Springfield Boosts 9 Neighborhood Councils with State MVP Grants
SPRINGFIELD – Mayor Domenic J. Sarno has awarded grants totaling $ 50,000 to stimulate participation in nine neighborhood councils as part of a program specifically targeting vulnerable populations.
The grants, which had a cap of $ 10,000 for each applicant, were awarded under the Municipal Vulnerability Preparedness (MVP) program, funded by the State’s Executive Office of Energy and Environmental Affairs.

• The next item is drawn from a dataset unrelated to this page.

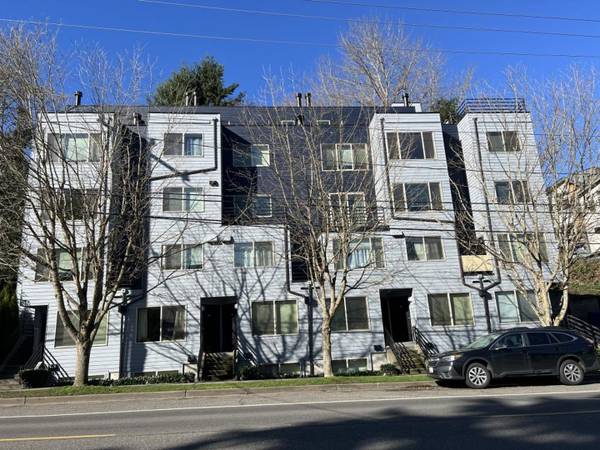 $1,995 / 2br - 745ft2 - Bright remodeled 2 bed/ 1 bath with fireplace and w/d64031137328513120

The grants were designed to “help increase awareness and participation in their respective neighborhood councils, with an emphasis on targeting vulnerable and environmental justice populations and residents who would be least likely to participate”, such as renters, isolated English speakers, low-income people, young people and / or residents with disabilities, the city said in a statement.
“My administration fully supports our neighborhood councils as they are a strong voice defending the interests of their community, residents and businesses,” said Sarno. “This grant will help our neighborhood councils in their outreach initiatives, many of which are already doing a tremendous job raising awareness and working tirelessly to improve the quality of life for all.”
The nine applicants received funding as follows:
- Armory Quadrangle Civic Association, $ 9,500
- New North Citizens Council, $ 9,091
- Old Hill Neighborhood Council, $ 6,300
- McKnight Neighborhood Council, $ 6,200
- East Springfield Neighborhood Council, $ 6,059
- Bay Area Neighborhood Council, $ 5,350
- Upper Hill Residents’ Council, $ 5,000
- Indian Orchard Citizens Council, $ 1,500
- Eastern Forest Park Civic Association, $ 1,000
Assessment criteria included: applicants who stated goals and tasks, including in-person and digital outreach, strategies for reaching residents least likely to participate, neighborhoods with large populations in need and in need of plans that would achieve program objectives.
Sarno thanked Gov. Charlie Baker’s administration for the grants program and the city review committee made up of Ed Whitley, deputy warden of wards; Cathy Bruno, director of community development; and Tina Quagliato-Sullivan, director of disaster recovery.